The bodies of dead children were buried in a mass grave that the U.S. Army ordered German civilians to dig near the Dora Mittelbau concentration camp in the town of Nordhausen, Germany. An American soldier looks down from above on the bodies of children being buried in a mass grave on April 14, 1945. The bodies of children found near the Dora Mittelbau concentration camp in the town of Nordhausen lie in a mass burial grave. The corpses of small babies and infants were laid to rest in a mass grave for mass burial at the concentration camp of terror in the German town of Nordhausen. When American troops arrived in the area of the concentration camp in the town of Nordhausen, the bodies of hundreds of forced labor prisoners littered the grounds. Decomposing corpses lay beside those who had died of disease in the concentration camp. Disease spread unchecked among the abused prisoners of various nationalities. American officers immediately ordered German civilians in the area to provide decent burials for the victim prisoners.
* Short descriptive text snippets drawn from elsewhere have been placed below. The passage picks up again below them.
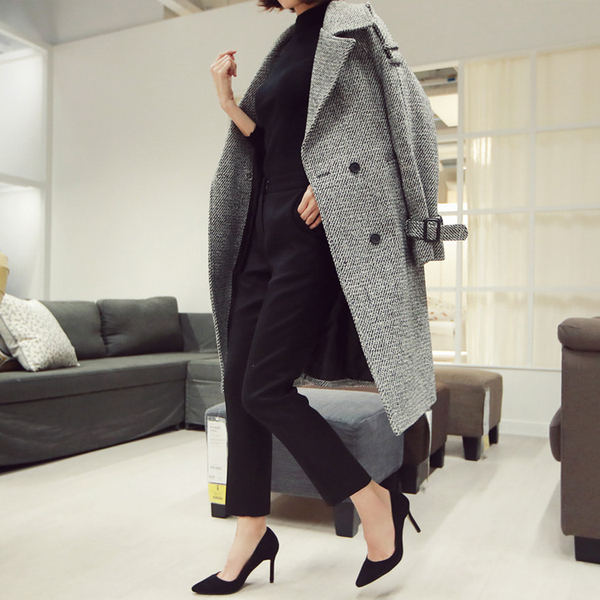 Korean Houndstooth Long Wool Coat Elegant Women Double-breasted Lapel Collar Sashes Pocket Plaid Loose Thick Woolen Outerwear 210518
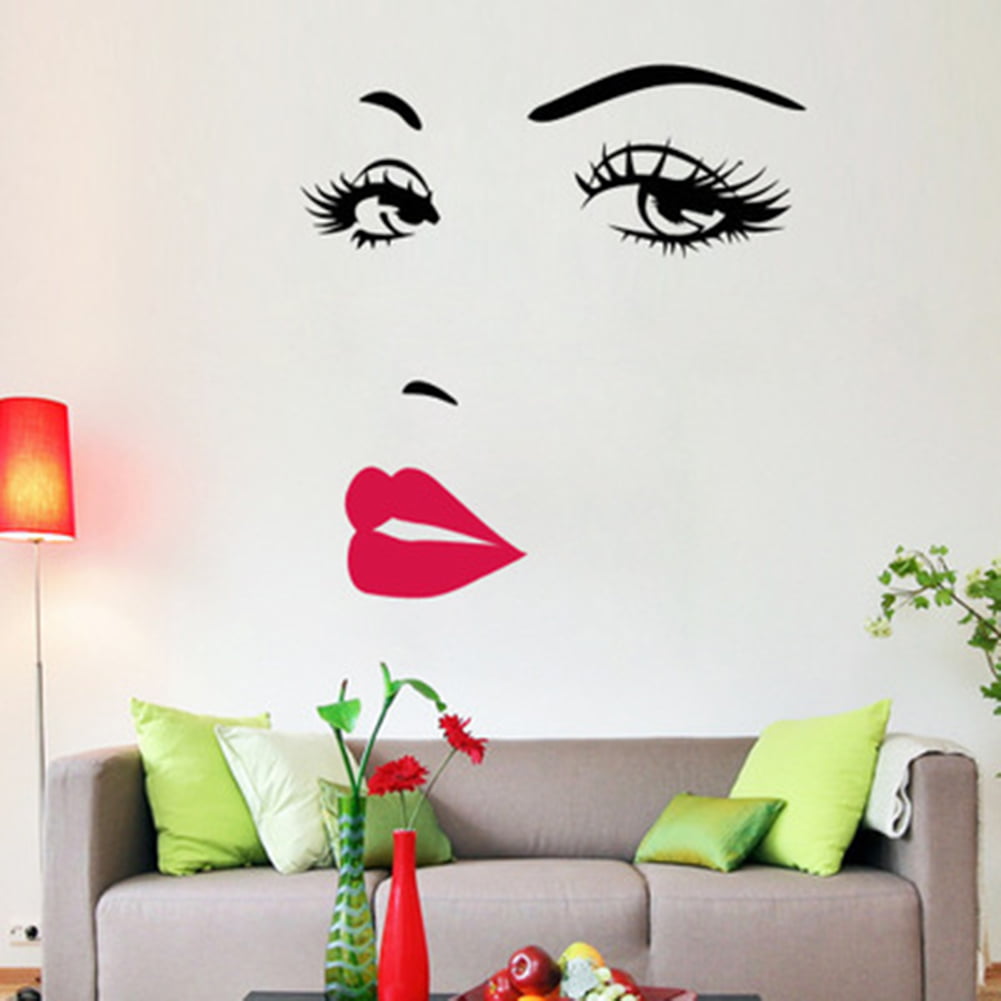 Hair Salon 38 Wallpaper Poster with Adhesive Backing Wall Sticker Décor Indoors Interior Sign Beauty Color Services Treatments Girl Vertical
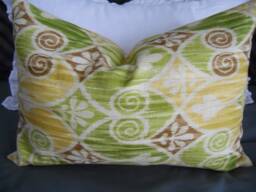 Ikat.pillow Cover.slip Covers.green Pillow Cover.brown Cover.neutrals.naturals.sun Kiss Yellow.home Decor.spring Decor Pillows.summer - thumbnail 1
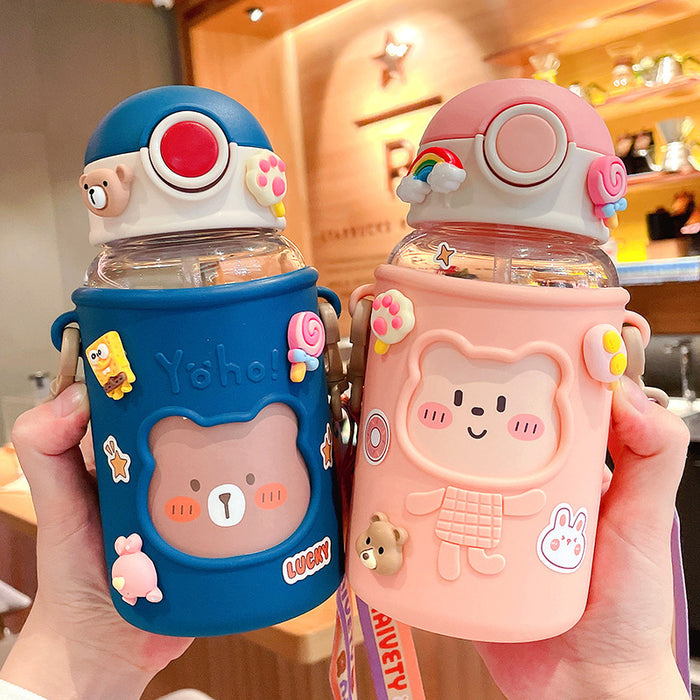 Wholesale Cute Bear Straw Cup Large-Capacity Plastic Cup
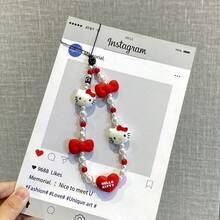 Hasbro 1PC Hello Kitty DIY Beads, Pendants, DIY Bag Decorations, Red Love Bow Mobile Phone Pendant, Compatible With All Mobile Phone Cases, Tablet Cases And Backpacks - One Size - View 7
The Dora Mittelbau concentration camp in the town of Nordhausen was liberated on April 12, 1945, by the 104th Infantry Division of the US Army. When the first U.S. NCOs arrived at the concentration camp, they were met with a horrific sight. More than 3,000 corpses were strewn haphazardly across the concentration camp grounds. In some containment rooms there were no survivors, while in others, a few survivors lay among dozens of corpses. The dire situation prompted the medical unit of the U.S. Army's 104th Infantry Division to request immediate medical assistance and resupply. Approximately 400 more German civilians who lived in the immediate vicinity of the concentration camp were forced to dispose of their bodies by U.S. NCOs. Despite treatment by the 104th Division's medical unit, numerous inmates died in the hours and days following the camp's liberation.
Beginning in August 1943, the Germans moved V-2 missile production from the island of Usedon to an underground facility on Kornstein Hill, about a mile from the town of Nordhausen. The first V-2 rocket attacked London on September 8, 1944, and the last launch was on March 27, 1945. In nearly seven months of attacks, more than 3,000 warheads hit Allied cities; in late October 1944, the Dora Mittelbau concentration camp was in full V-2 production; on April 3, 1945, an Allied bombing campaign targeted the town of Nordhausen. The bombs hit the Boelcke-Kaserne subcamp, killing about 1,500 prisoners; on April 4, Nazi Germany began the transfer of prisoners from Dora Mittelbau to Bergen-Belsen and Ravensbruck, where they were forced on an excruciating death march.
From August 1943 to March 1945, at least 60,000 prisoners were held in the Mittelbau-Dora concentration camp. At least about 12,000 were murdered in the camp. More than 20,000 were also killed in the death marches following the evacuation of Mittelbau Dora.